Agregando cães e gatos
Empresa
Purina
Enfoque da estratégia
Promoção: a Purina acaba de implementar uma estratégia de marketing de relacionamento, baseada em oferta conteúdo relacionado a cães e gatos, em formato fotográfico, vídeos e textos, através do site Pet Charts. O site se propõe a ser um guia para o melhor conteúdo da web, segundo a percepção dos próprios usuários, que podem votar nos conteúdos de sua preferência para que estes sejam rankeados. A Purina se utiliza de uma estratégia viral para disseminar o Pet Charts, uma vez que os visitantes podem indicar o site a outros usuários.
Tecnologia aplicada
Agregador de conteúdo: o Pet Charts distribui conteúdo gerado em fontes populares de publicação de vídeo e fotos (YouTube, Flickr), assim como texto em veículos de comunicação pessoais ou corporativos (jornais, blogs). O conteúdo é indexado manualmente pela Purina todos os dias, sendo disponibilizado ao usuário por formato, categoria, recência e popularidade.
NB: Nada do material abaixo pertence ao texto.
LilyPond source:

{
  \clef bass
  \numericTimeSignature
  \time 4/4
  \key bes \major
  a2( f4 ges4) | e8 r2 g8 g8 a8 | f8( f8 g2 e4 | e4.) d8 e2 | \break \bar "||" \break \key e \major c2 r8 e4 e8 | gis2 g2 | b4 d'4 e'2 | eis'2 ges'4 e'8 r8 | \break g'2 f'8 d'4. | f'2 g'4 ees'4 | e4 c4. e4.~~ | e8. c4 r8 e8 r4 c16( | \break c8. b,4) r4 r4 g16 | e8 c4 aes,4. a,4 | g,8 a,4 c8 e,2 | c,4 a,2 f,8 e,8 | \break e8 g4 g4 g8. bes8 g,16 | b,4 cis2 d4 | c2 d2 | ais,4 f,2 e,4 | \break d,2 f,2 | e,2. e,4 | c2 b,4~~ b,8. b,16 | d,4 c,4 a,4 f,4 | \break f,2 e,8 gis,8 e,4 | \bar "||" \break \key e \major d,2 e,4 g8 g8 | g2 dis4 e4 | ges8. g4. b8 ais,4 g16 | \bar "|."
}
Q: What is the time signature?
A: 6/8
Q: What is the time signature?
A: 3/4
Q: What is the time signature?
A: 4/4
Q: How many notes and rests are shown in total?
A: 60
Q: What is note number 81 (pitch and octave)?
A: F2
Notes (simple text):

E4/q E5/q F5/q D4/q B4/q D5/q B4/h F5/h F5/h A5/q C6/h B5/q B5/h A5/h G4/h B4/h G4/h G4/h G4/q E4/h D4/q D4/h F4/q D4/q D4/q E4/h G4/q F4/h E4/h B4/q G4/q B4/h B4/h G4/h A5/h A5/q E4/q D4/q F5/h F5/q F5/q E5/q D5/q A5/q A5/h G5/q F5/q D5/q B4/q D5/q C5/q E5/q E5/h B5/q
O usuário pode votar livremente nos conteúdos de sua preferência, resultando nos rankings de popularidade por formato e categoria.
Integração da estratégia ao mix
- Produto: não há qualquer relação direta do Pet Charts com a gestão da linha de produtos da Purina, a não ser a segmentação do conteúdo do site similar à segmentação dos mercados atingidos pela empresa (donos de cães, donos de gatos e donos de cães e gatos). Por outro lado, embora o projeto seja uma iniciativa de marketing de relacionamento, ele quebra um paradigma da Purina, uma empresa que compete em indústrias de transformação: a empresa está oferecendo um serviço aos seus consumidores.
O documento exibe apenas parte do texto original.